China’s tech talent rides global Web3 wave despite crypto ban, turns to Singapore and Hong Kong for next big push
- Web3 developers have flourished quietly despite China’s cryptocurrency crackdown, but more are heading overseas for funding and development
- Hong Kong and Singapore have emerged as top relocation destinations for mainland-based Web3 start-ups, given their more open crypto environment

Jensen Li, a Beijing-based former developer at ByteDance, meets other like-minded enthusiasts regularly at Metaspace, a Web3-theme cafe located in the centre of Haidian district.
He walked away from a job with an annual salary of 850,000 yuan (US$120,000) offered by TikTok’s parent company two months ago to found 1435Club, an online space connecting Chinese talent with Web3 opportunities.
“The exponential growth of Chinese internet companies in the past decade is unlikely to be replicated since the current market is already highly saturated, and the macro environment friendly to innovation and economic boom is now history,” Li said.
China intensified its crackdown on cryptocurrencies in October 2021, saying such transactions were illegal and liable for prosecution. Virtual tokens such as bitcoin and ether were not legal tender, the central bank said, and thus “should not, and are not capable of being circulated in the market and used like currencies”.
Despite this, transactions related to digital assets have continued within its jurisdiction – and some have even boomed.

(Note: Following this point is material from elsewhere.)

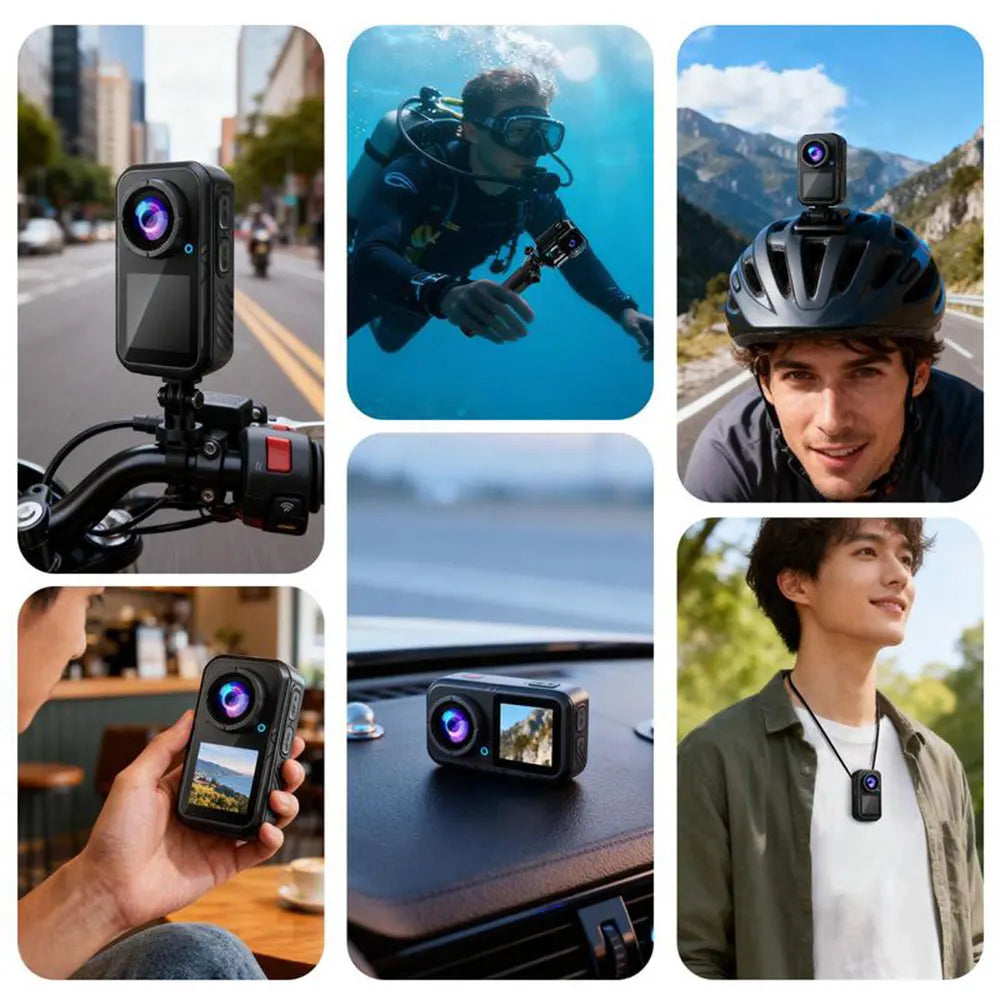 5K Thumb Action Camera 4K 60FPS Waterproof Magnetic Sports Body Cam with 6-Axis Stabilization WiFi Touch Screen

From June 2021 to July 2022, crypto transactions totalled US$220 billion in China, the fourth highest worldwide, and top in East Asia, according to blockchain analytics firm Chainalysis. Its 2022 Global Crypto Adoption Index, a comprehensive metric measuring countries’ usage of crypto services, showed China ranked 10th globally, up from 13th place last year but down from fourth in 2020.